Given data
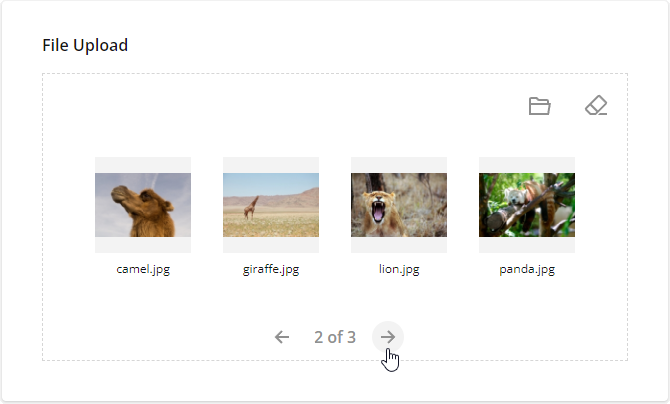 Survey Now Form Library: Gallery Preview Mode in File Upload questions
---
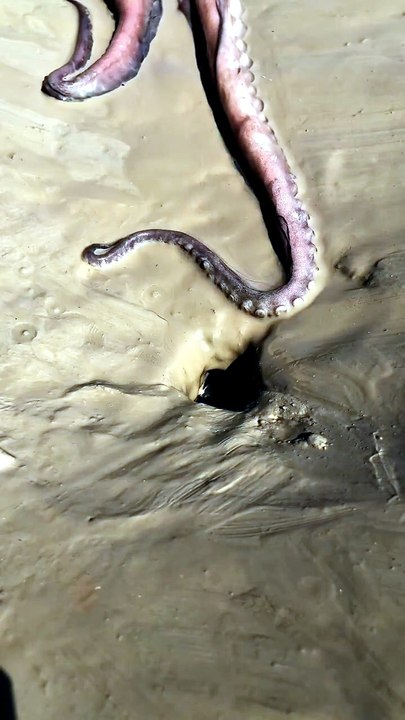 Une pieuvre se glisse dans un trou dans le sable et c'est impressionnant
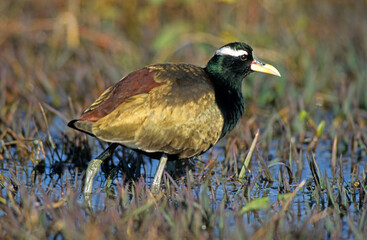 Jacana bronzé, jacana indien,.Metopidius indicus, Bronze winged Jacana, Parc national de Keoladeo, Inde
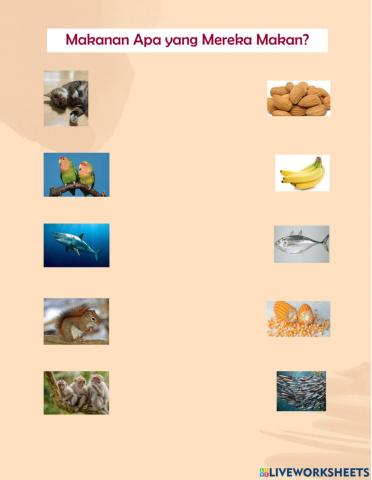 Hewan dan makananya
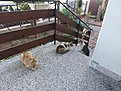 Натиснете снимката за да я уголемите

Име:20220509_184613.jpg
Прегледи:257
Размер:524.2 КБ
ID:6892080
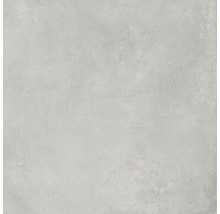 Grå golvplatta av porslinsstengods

Required action
Each line above that falls between the line with "Натиснете снимката за да я уголемите" and the line with "Grå golvplatta av porslinsstengods" should be printed exactly, together with those two lines, but the pictures should not.

Solution for this exercise
 Натиснете снимката за да я уголемите

Име:20220509_184613.jpg
Прегледи:257
Размер:524.2 КБ
ID:6892080
 Grå golvplatta av porslinsstengods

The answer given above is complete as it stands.